Instructions for the task:
Would you please reproduce all the entries exactly, leaving the pictures out?

Record excerpts:
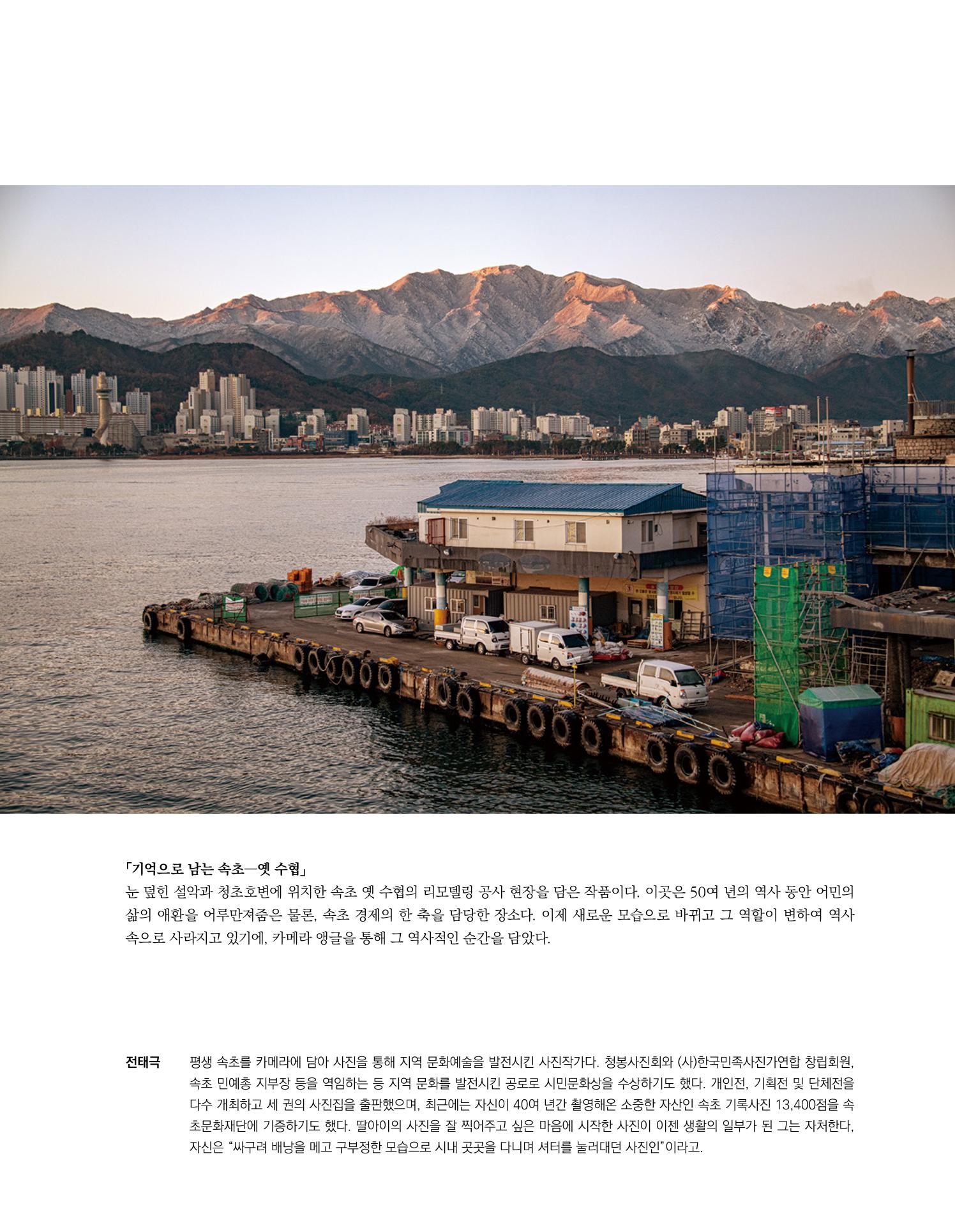 속초문화특화지역조성사업 소식지 오케이속초 Vol. 6 15페이지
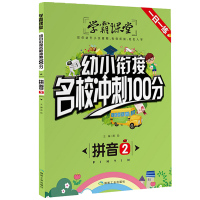 幼小衔接名校冲刺100分拼音拼读训练专项练习 幼升小一年级拼音天天练本学前班拼音教材复韵母整体认读汉语拼音练写册暑假衔接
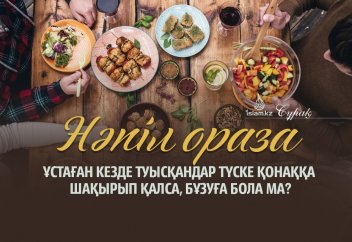 Нәпіл оразасын ұстап жүргенде туысқандар түске қонаққа шақырып қалса, бұзуға бола ма?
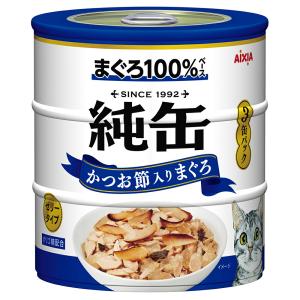 アイシア 純缶3P かつお節入りまぐろ 375g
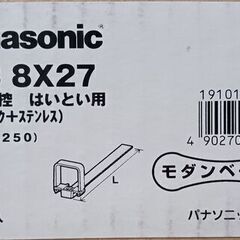 ・雨どい【Panasonic】パッチン控　はいとい用(プラスチック+ステンレス)モダンベージュ、オークブラウン、ミルクホワイト、パールグレー（しろ）、しんちゃ、ブラック、オークグレーの画像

Answer space:
 속초문화특화지역조성사업 소식지 오케이속초 Vol. 6 15페이지
 幼小衔接名校冲刺100分拼音拼读训练专项练习 幼升小一年级拼音天天练本学前班拼音教材复韵母整体认读汉语拼音练写册暑假衔接
 Нәпіл оразасын ұстап жүргенде туысқандар түске қонаққа шақырып қалса, бұзуға бола ма?
 アイシア 純缶3P かつお節入りまぐろ 375g
 ・雨どい【Panasonic】パッチン控　はいとい用(プラスチック+ステンレス)モダンベージュ、オークブラウン、ミルクホワイト、パールグレー（しろ）、しんちゃ、ブラック、オークグレーの画像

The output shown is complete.